Now we have 49 uniform outcomes, but we need to map them to 10 outcomes. Since 49 is not divisible by 10, we can't use all 49 values without introducing bias. However, 40 is divisible by 10! So we use only the first 40 values and reject any result greater than 40. This rejection sampling ensures that each of the 40 accepted values has equal probability.

Finally, we map these 40 values to 1-10 using modulo arithmetic: (x % 10) + 1. This gives each number from 1 to 10 exactly 4 chances out of 40 to be selected, maintaining perfect uniformity. The rejection of values 41-49 means we might need multiple attempts, but this guarantees an unbiased result.

Solution Approach

The implementation uses rejection sampling to generate uniform random numbers from 1 to 10:

1. Generate a larger uniform distribution: We call rand7() twice to create a uniform distribution over a larger range:

   • First call: i = rand7() - 1 generates values from 0 to 6
   • Second call: j = rand7() generates values from 1 to 7
   • Combine them: x = i * 7 + j produces values from 1 to 49 uniformly

2. Rejection sampling: Since we need to map to 10 values uniformly, we only accept values from 1 to 40:

   if x <= 40:
       return x % 10 + 1

   If x > 40, we reject this sample and repeat the process by continuing the while loop.

3. Mapping to [1, 10]: For accepted values (1-40), we use modulo arithmetic to map them:

   • x % 10 gives us values from 0 to 9
   • Adding 1 shifts the range to 1 to 10
   • Each number from 1 to 10 appears exactly 4 times in the mapping (40 ÷ 10 = 4)

The while loop ensures we keep trying until we get a valid value in the range [1, 40]. Although this could theoretically loop forever, the probability of rejection is only 9/49 (about 18%), so on average, we expect to succeed quickly.

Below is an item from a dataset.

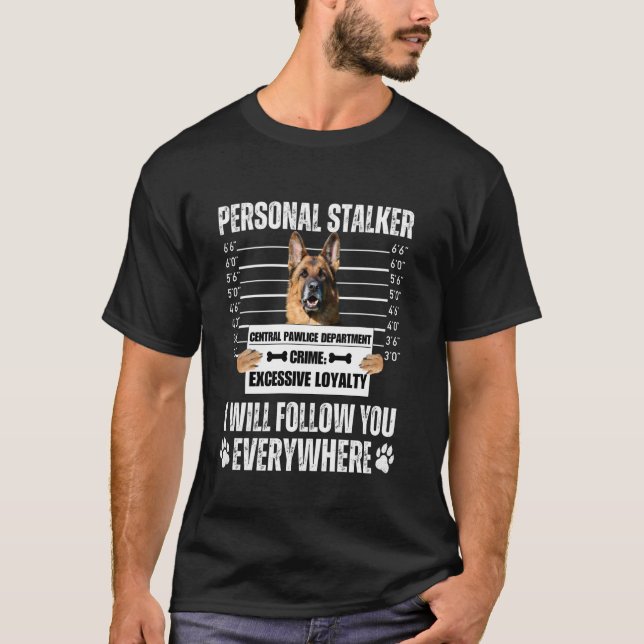 Camiseta Design de Cachorro Stalker Pessoal Engraçado - Pas (Frente)
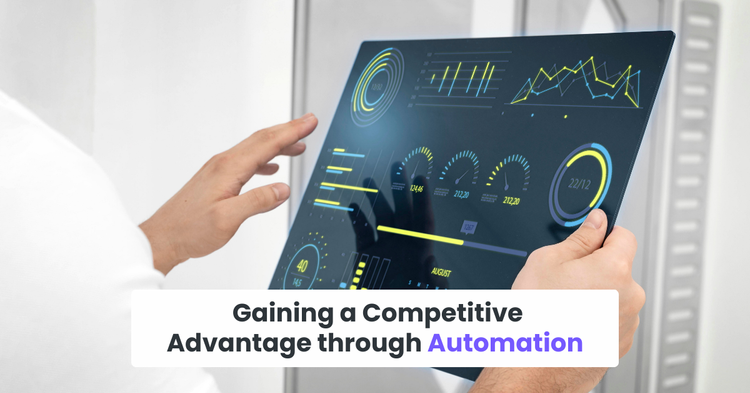 Gaining a Competitive Advantage through Automation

This approach guarantees that each output from 1 to 10 has exactly equal probability (1/10), maintaining the uniform distribution requirement.

Example Walkthrough

Let's walk through a few iterations to see how rand10() generates uniform random numbers:

Iteration 1:

• First call: rand7() returns 3, so i = 3 - 1 = 2
• Second call: rand7() returns 5, so j = 5
• Calculate: x = 2 * 7 + 5 = 14 + 5 = 19
• Check: Is 19 ≤ 40? Yes!
• Return: (19 % 10) + 1 = 9 + 1 = 10
• Output: 10

Iteration 2:

• First call: rand7() returns 6, so i = 6 - 1 = 5
• Second call: rand7() returns 7, so j = 7
• Calculate: x = 5 * 7 + 7 = 35 + 7 = 42
• Check: Is 42 ≤ 40? No, reject and retry
• First call: rand7() returns 1, so i = 1 - 1 = 0
• Second call: rand7() returns 8... wait, rand7() only returns 1-7, so let's say it returns 4, so j = 4
• Calculate: x = 0 * 7 + 4 = 0 + 4 = 4
• Check: Is 4 ≤ 40? Yes!
• Return: (4 % 10) + 1 = 4 + 1 = 5
• Output: 5

Iteration 3:

• First call: rand7() returns 7, so i = 7 - 1 = 6
• Second call: rand7() returns 2, so j = 2
• Calculate: x = 6 * 7 + 2 = 42 + 2 = 44
• Check: Is 44 ≤ 40? No, reject and retry
• First call: rand7() returns 4, so i = 4 - 1 = 3
• Second call: rand7() returns 3, so j = 3
• Calculate: x = 3 * 7 + 3 = 21 + 3 = 24
• Check: Is 24 ≤ 40? Yes!
• Return: (24 % 10) + 1 = 4 + 1 = 5
• Output: 5

Notice how values from 1-40 map evenly to 1-10:

• Values 1, 11, 21, 31 → output 2
• Values 2, 12, 22, 32 → output 3
• Values 10, 20, 30, 40 → output 1
• And so on...

Each output number gets exactly 4 input values mapped to it, ensuring uniform distribution.

Solution Implementation

Time and Space Complexity

Time Complexity: O(1) expected, O(∞) worst case

The algorithm uses rejection sampling. Each iteration has a 40/49 probability of success (returning a valid result) and 9/49 probability of rejection (continuing the loop).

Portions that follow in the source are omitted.